A CIM will perform differently connected to an 8V, 10V, or 11.5V source than it will to a 12V source. And because our batteries are not ideal voltage sources (they have a built-in resistance) and our wiring is resistive, their terminal voltage will drop under load. So pull a lot of current from your battery (say, by stalling your drive motors) and you will find that your shooter, for example, has slowed down because the effective instantaneous terminal voltage of your battery has dropped.
Effects like this that prompt Al to correctly say that claims of motor response “linearity” are dependent upon many factors besides the speed controller response.
Per Eric’s comment, the most common model for this is that battery’s output impedance changes as a function of charge state (and age). For example, the battery could have an output impedance of 25 milliOhms when fully charged and new but could increase by a factor of 2 or more (very common to be even larger) when old or less than fully charged.
Okay, just making sure.
So feed-forward will be a little off, but feedback will still work properly.
Sounds like I need an accessible current sensor on the robot. CAN will make things so much easier (even though its accuracy is ±1 Amp).
In the meantime, I believe we can calculate current from the latest supply voltage, the PWM-speed curve (no load), the PWM-current curve (no load), the PWM command, the speed of the motor, and the speed-current curve at 12v.
And about that stall current, the Jaguars are only rated for 100A peak starting current. (pg4 of http://kamocat.com/Jag/BDC_Datasheet.pdf) That’s some good incentive to not start your motors at full speed.

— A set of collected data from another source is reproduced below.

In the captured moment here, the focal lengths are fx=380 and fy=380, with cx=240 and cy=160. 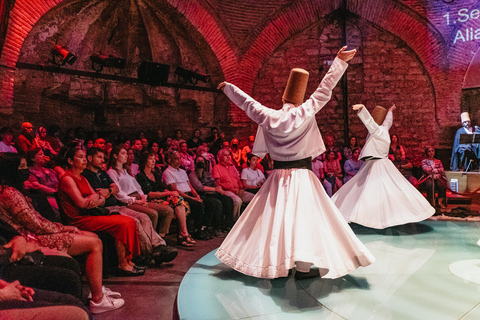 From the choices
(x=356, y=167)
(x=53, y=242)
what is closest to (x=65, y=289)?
(x=53, y=242)

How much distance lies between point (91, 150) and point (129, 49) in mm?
8168

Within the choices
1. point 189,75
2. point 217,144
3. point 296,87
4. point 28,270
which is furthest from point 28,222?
point 189,75

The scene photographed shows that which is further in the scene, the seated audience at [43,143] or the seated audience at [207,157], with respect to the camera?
the seated audience at [207,157]

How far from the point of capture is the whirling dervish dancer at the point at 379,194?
503 centimetres

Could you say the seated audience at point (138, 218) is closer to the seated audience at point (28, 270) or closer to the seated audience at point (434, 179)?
the seated audience at point (28, 270)

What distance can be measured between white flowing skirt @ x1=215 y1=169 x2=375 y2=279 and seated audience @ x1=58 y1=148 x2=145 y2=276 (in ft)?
3.79

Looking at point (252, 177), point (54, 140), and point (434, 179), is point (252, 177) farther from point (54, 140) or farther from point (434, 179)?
point (54, 140)

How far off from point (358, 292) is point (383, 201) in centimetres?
236

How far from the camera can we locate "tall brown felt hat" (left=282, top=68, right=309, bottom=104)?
11.0 feet

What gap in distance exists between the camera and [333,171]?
8836mm

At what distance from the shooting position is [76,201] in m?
3.59

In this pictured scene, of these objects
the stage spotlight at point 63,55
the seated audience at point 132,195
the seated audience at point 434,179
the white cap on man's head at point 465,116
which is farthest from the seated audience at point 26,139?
the white cap on man's head at point 465,116

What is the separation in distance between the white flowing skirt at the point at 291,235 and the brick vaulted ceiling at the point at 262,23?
807 cm

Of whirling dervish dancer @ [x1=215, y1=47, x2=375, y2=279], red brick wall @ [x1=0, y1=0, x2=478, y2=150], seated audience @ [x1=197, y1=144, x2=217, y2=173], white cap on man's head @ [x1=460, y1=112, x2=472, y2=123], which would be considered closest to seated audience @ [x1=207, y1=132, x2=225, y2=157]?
red brick wall @ [x1=0, y1=0, x2=478, y2=150]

It matters not what value you send to the motor, when it starts it is in stall. Since the speed controller is switching the full battery voltage, full stall current is realized even if for a short period of time. It does not matter what the Jaguar is rated for, it will still produce an output that is capable of the full stall current. The only thing that limits the current is the series resistance between the battery and the motor. That is the internal resistance of the battery (11 mohm) the #6 wire (about 2 mohm), the main circuit breaker and 40 amp breaker (much less than 1 mohm), the #10 0r #12 wire to the controller and motor(4 mohm for #10) and the series resistance of the controller (4 mohm). If you are looking at the current alone, it will have ripple (an AC component) as the brush assembly first contacts one winding and then two at a time and then back to one. (The brush is wide enough to hit two commutator segments at the same time) As we have been discussing, temperature, load, battery condition, and state of charge would have to be factored into your calculations to be accurate. That is assuming every motor was made exactly alike. These motors are too inexpensive to be that accurate motor to motor. Your best bet is to monitor the speed of the motor via tach or rotational sensor. The motor output is the only thing you would be really interested in and sensing the output takes all other factors into account.
BTW, check the current rating for the FETs and multiply by three (for three FETs in parallel) to see what the max current ability of the output devices really is.